There's quite a few to cover. Yes generally you can just regenerate one you need to, such as server certs. Routers will renew certs on their own unless you provide them in which case you need to manage them. There's probably too much to get into for this question to keep it short. Hopefully this is enough info for now?
A qualified "Yes". you can do this with the addition of link groups. See the Release v0.30.0 · openziti/ziti · GitHub change log for details. This allows you to influence links between routers, but not individual identity paths if that makes sense? If there are more than one path, you also won't know exactly which is selected. You can influence those sorts of things further with edge and service router policies and router "weights". It might be what you want. It might not be as fine grained as you're thinking
For short lived circuits, I'm not sure how to capture the information but for long lived circuits you can issue ziti fabric list circuits to see how any given connection was pathed.

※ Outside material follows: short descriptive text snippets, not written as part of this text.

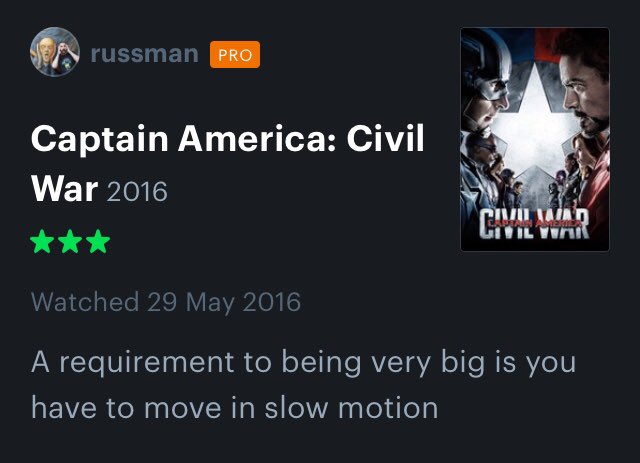 Letterboxd_'s tweet photo. Captain America: Civil War (2016) https://t.co/qtatNLJsZp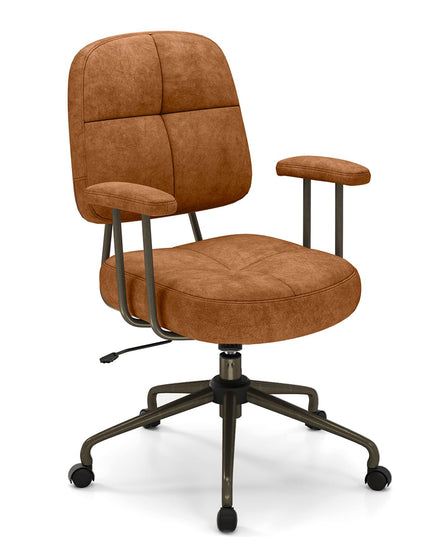 Giantex Mid Century Modren Office Chair, Fuax Leather Desk Chair w/Armrest & Mid Back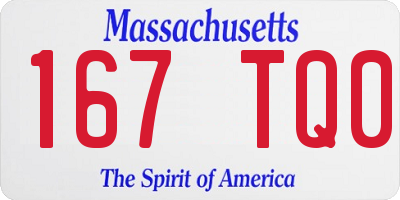 MA license plate 167TQ0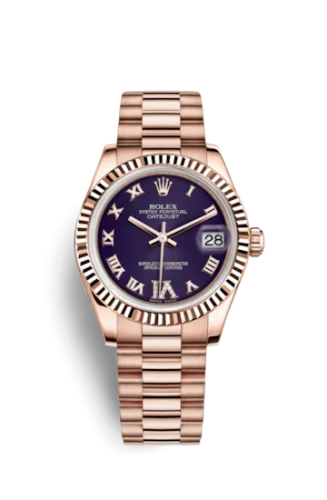 Rolex - 178275f-0033 Datejust 31 Everose Fluted / President / Purple Roman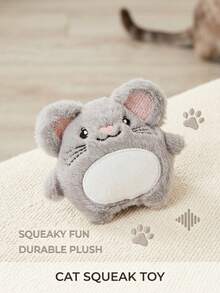 PETSIN Juguete de gato de peluche en forma de ratón de dibujos animados lindo con papel arrugado incorporado, juguete resistente y resistente a las mordeduras - Multicolor - Ver 1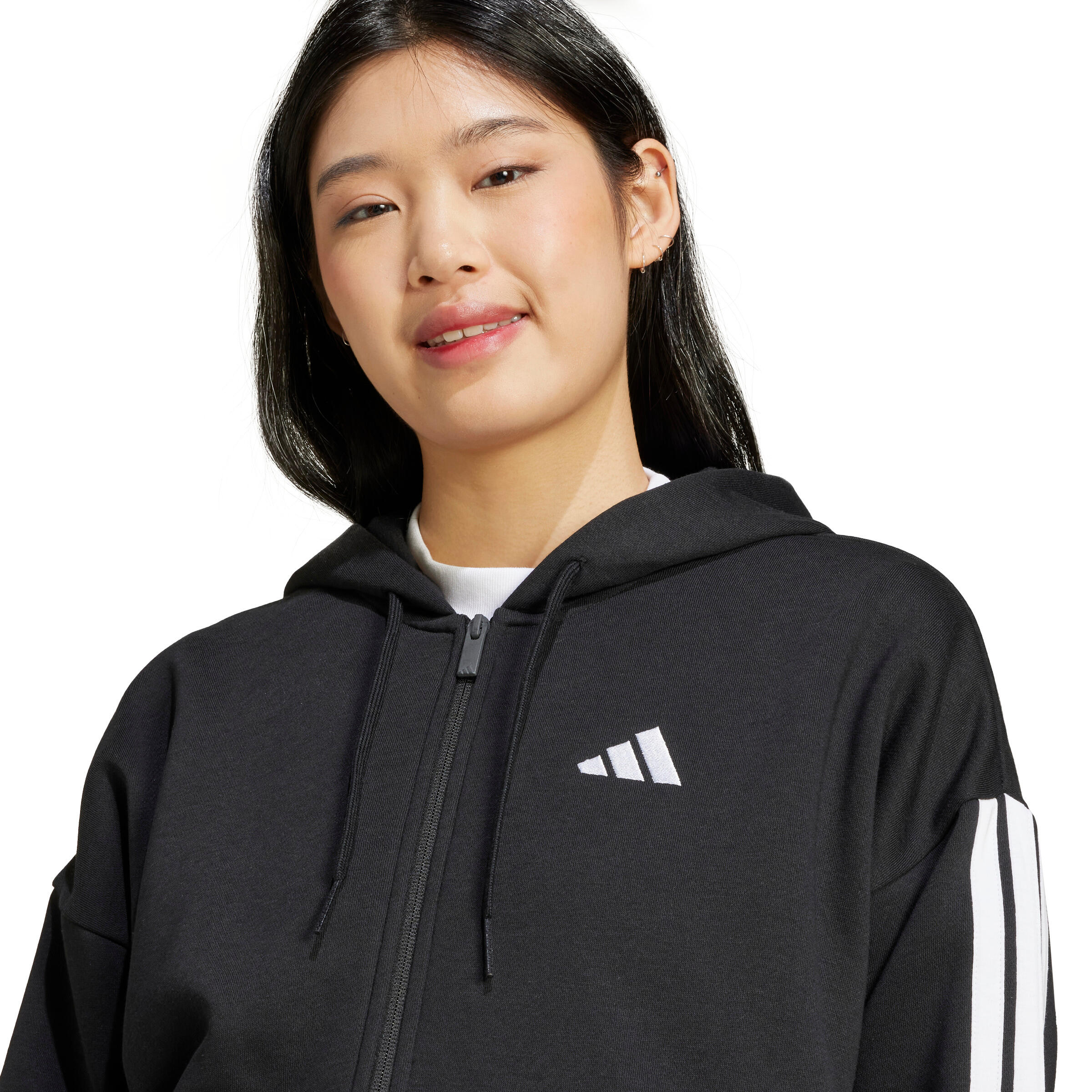 Sweatshirt com capuz zippado em polar para mulher adidas Essentials 3-Stripes 5/7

Yes, a wildcard intercept with a forward address config should do this. I do worry that it will be imperfect at best. It's hard to keep up with changes to cloud services. If they migrate services, change names etc it'll potentially break or leak information. I don't know that this is reliably able to be done but I'd expect if you intercept all the relevant addresses and forward them off from somewhere else it'll work fine. I've never done this myself at any kind of massive service like *.google.com to know if there are any hidden gotchas but it should work.
The controller's certificate remains within a manageable range, but the routing certificates cannot be automatically updated, which can be troublesome. This is particularly the case when your routing services are not deployed in your own environment, but potentially in remote or foreign locations where the control of the operating system may lie with other data center administrators. In such scenarios, if my certificate's validity period is shorter than the business lifecycle, there is a risk of interruption.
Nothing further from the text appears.